Iraq withdrawal to be put to voters in several states

Team Infidel

Forum Spin Doctor
Media: The Associated Press
Byline:
Date: 25 October 2006

BOSTON_Voters in 139 Massachusetts communities will decide more than
congressional elections at the polls on Nov. 7. They also will consider
calls for an immediate withdrawal of U.S. troops from Iraq.

Opinion polls show the increasingly unpopular war contributing to declining
prospects for the Republican Party in nationwide congressional elections.

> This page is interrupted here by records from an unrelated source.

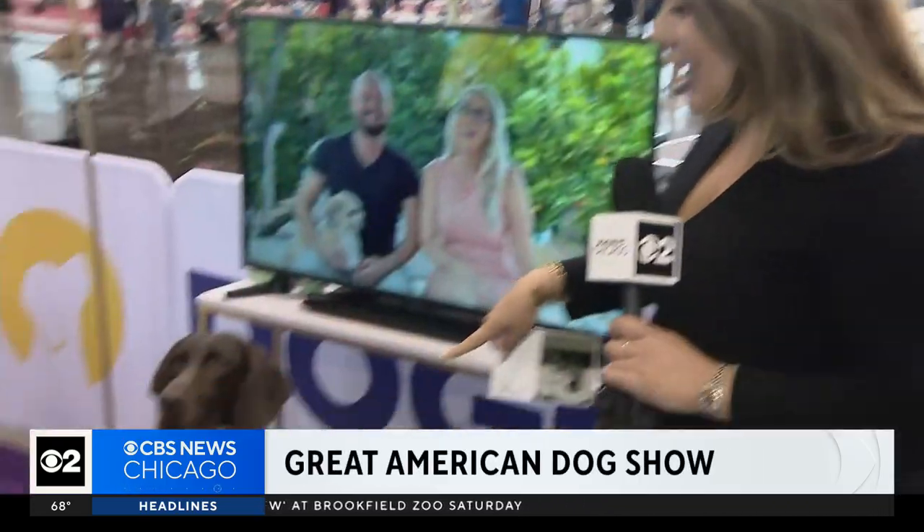The dog show can be super interactive. We've learned about an app called Dog It that has you scan a QR code. It's a puppy matcher showing you what the top ten best dogs are that could work for your family, like Jade here.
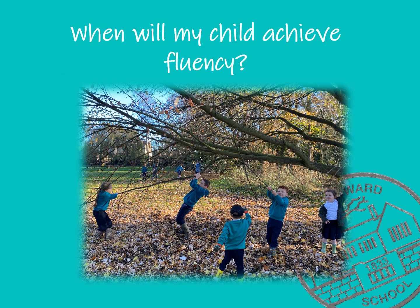When will we achieve fluency? So when should you expect your child to achieve fluency? Most children develop a fluent style of reading by the end of Year Two or early Year Three, but keep in mind that we all develop at our own pace. It might happen earlier or later, and that is absolutely fine.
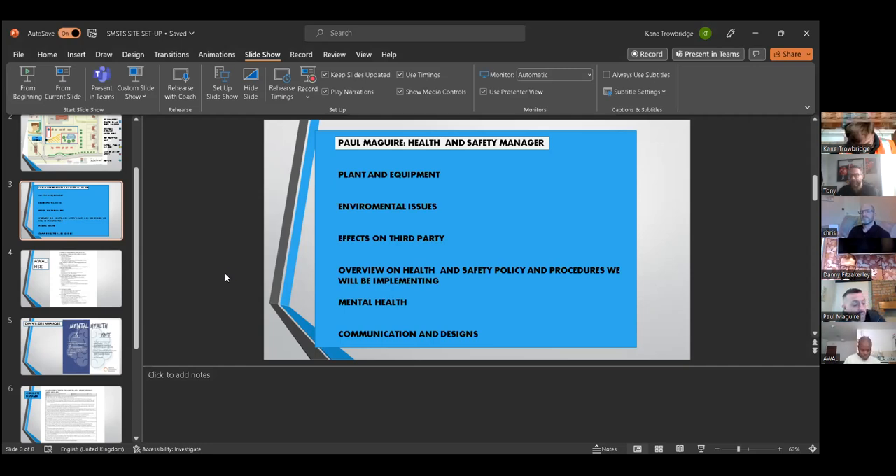The diesel bowser will be double-bunded and in a spill pit to avoid ground contamination. Drip trays will be used under all plant, portable plant, and generators. No excavations will be carried out without permits. As part of the permit process, we will consult the existing site survey for the location of existing services.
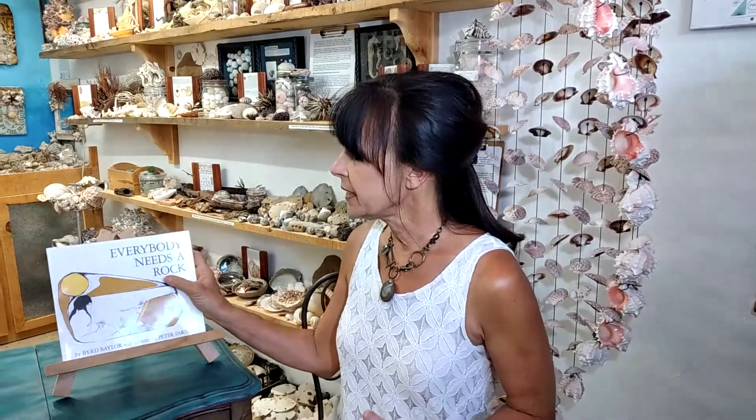In November of 2017, we were in Jerome, Arizona at the Jerome Historical Society Mine Museum gift shop and there I found this book. It's called 'Everybody Needs a Rock' — a simple little story about why you need to have a special rock. The author gives ten rules of how to find your special rock and why you should keep it forever. It's really cute and it inspired me to do a book about seashells.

The referendums, held together with elections, are the work of committed
individuals such as 81-year-old Hamer Lacey, who hauled his broken back and
clipboard to a Gloucester grocery store parking lot last summer, looking for
signatures of residents who shared his fervent opposition to the war in
Iraq.

His work put Gloucester among 139 Massachusetts communities where residents
will vote next month on a nonbinding question calling for an immediate U.S.
withdrawal from Iraq.

Voters in several cities in Wisconsin and Illinois will consider a similar
question.

Organizers said they do not expect the results to turn U.S. policy around.
But they said the outcome could at least make the growing anti-war sentiment
clear to policymakers.

"There's a gap between what the public wants and what public officials
want," said Steve Burns of the Wisconsin Network for Peace and Justice.
"They're not acting in our name. We hope, in time, we can bring them
around."

Wade Zerkle, executive director of Vets for Freedom, said the referendums
are a publicity stunt, and the outcome will not represent the majority: "I
don't think a ballot referendum in some of the most liberal cities in
America is going to hold much water."

He said most Americans, even those with growing doubts about the war, know
that leaving Iraq prematurely will create a terrorist haven that the U.S.
will have to deal with.

Since the March 2003 invasion that toppled Saddam Hussein, nearly 2,800
members of the U.S. military have been killed in Iraq, according to an
Associated Press count.

"We're just hoping people will look into their hearts and say, `What is
going on here?'" said Paul Shannon of the American Friends Service
Committee, the Quaker peace group that helped organize the Massachusetts
signature drive. "Are we really willing to throw away more lives tomorrow?
For what?"

In Wisconsin, 10 communities will vote in November on withdrawal. In April,
24 of 32 Wisconsin communities voted in favor of removing U.S. forces.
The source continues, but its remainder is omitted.